DevOps makes software deployment faster but, without proper controls, that often means developers are also releasing security vulnerabilities and non-compliant applications more quickly. Organizations must learn how to decrease risk by shipping software quickly, but with higher efficiency and lower risk. The solution is to not deal with information security right before or even in production.
Organizations can achieve both speed and safety by extending Agile, Lean, and DevOps (ALDO) principles to their information security teams and by adopting automation tools, such as InSpec and Chef Automate. Tools like these turn compliance into code and integrate security into your full development cycle.
Debunking the myth that safe can’t be fast
High-performing DevOps teams scale both speed and quality by shifting compliance into the software development process as part of their daily work, rather than retrofitting security at the end. With “shift left” testing (testing that integrates information security earlier in the development lifecycle, or to the left on the project timeline) developers are more likely to find errors before reaching production.
Tools that focus on managing compliance as code shift InfoSec assessments away from manual processes driven by binders full of policy documentation to a model where controls are instead expressed as executable, versionable, and human-readable code. These controls can be distributed as another set of tests any developer can incorporate into their existing workflow and toolchain. This code-driven approach builds on existing methods for collaboration already used by DevOps teams.

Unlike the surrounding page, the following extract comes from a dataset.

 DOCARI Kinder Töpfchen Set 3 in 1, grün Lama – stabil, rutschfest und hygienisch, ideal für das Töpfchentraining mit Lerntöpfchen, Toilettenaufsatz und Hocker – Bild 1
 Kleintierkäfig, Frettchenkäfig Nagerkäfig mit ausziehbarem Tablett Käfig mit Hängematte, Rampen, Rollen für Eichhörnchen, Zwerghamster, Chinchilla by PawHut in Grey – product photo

Bridging the compliance gap with InSpec and Chef Automate
InSpec is open source testing framework for infrastructure. It is a human-readable language for specifying compliance, security, and other policy requirements as tests. Teams can easily integrate these automated tests into any stage of their deployment pipeline.
Integrate InSpec with Chef Automate, Chef’s continuous automation platform, and you gain greater control over the detection and correction of issues, even in production. Across your entire fleet of servers and machines – no matter their environments – Automate provides analysis, reporting, and visualization based upon inSpec data. Users can even download pre-packaged CIS benchmarks to use as is, or to customize to their business or industry standards.